The aim of this workshop has been  to analyze the evolutions of precarisation processes in a transnational perspective, focusing on unemployment, welfare and social dumping as tools ofindividualisation of workers and unemployed persons. On the other hand our goal was to discuss about how to organize the different struggles and experiences around these issues in a common political frame. During the workshop we started the discussion talking about the different precarisation dynamics around Europe. There was a convergence between different experiences on the idea that precarity is not a specific condition of some workers, but is the normal regime that governs the organization of work, workers and unemployed.  It is a regime which has been enforced in the last decades, and which is now accelerating, also due to the directives of the EU contained in the agenda 2020. Some common trends have been recognized as key: the liberalization of precarious contracts that are not temporary anymore but can last one’s whole life; the diffusion of extremely flexible and just in time way of supply labor (see vouchers in Italy, 0 hours contracts in UK, 1 euro jobs in Germany, recibosverdes in Portugal); the dismantling of welfare and social security system, which is then used to command over people so that they accept every job they are offered (see for instance conditional welfare in the UK or the unemployment benefits in France or the welfare benefits understood no more as a right but as a loan the State makes wanting something in return); connected to this the massive role that job centers have acquired in the last years as managers of workers; spread of false « auto-entrepreneur » works, were the workers are considered as boss of themselves or partner of the enterprises.  The workers and the unemployed become the only responsibles of their work or non-work situation.

Even if the precarity is more and more the common condition for millions of people we recognize that is still difficult to strike massively at a national level as well as across the borders. Experimentations of cross-border strike, such as that happened at the border between France and Belgium to show the connection between the struggle against the loi travail and that against the loipeeters, can be taken as a model for imagining possibilities of mobilization against precarization. Knowing that they have been made possible by already existing connections between unions, while the challenge would be also to gather and involve those precarious workers who are not represented by any unions. On the other hand, while there are evident commonalities between the situations we experience in the different countries there is still a lack in common analysis and common knowledge: in order to fight against this Europe-wide precarization we need to work to build a common language that help us recognize ourselves as part of the same struggle. The TSS platform and website can be the place where we build and strengthen this work.

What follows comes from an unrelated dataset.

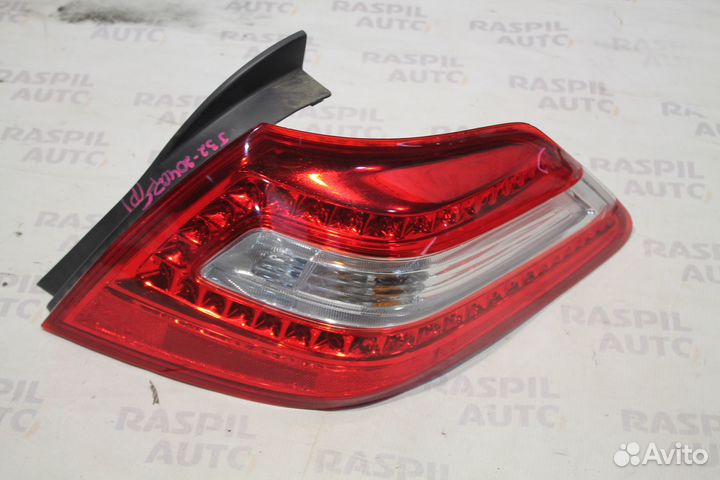 Фонарь правый Nissan Teana J32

In this direction, during the second part of the workshop we discussed also the political meaning to endorsing as common European claims the European minimum wage, European welfare and European residence permit. The CIP experience with their victory through which they obtained the status of «intermittent workers» was taken into consideration as a paradigmatic struggle to fight against exploitation of workers and unemployed. At the same time we agreed that claims about income needs to be put in relation with other claims that concern the welfare systems, as well as with other able to take into consideration the effect of transnational mobilities and migrant work on labour regime. At the same time, a lot needs to be done to ground these European claim in each local context, coming to terms with the differences and with the risk that each of this claim, if isolated or understood just nationally, could be turned against our political aim of building connections among fragmented situations. This discussion should go on as part of the construction of our common language.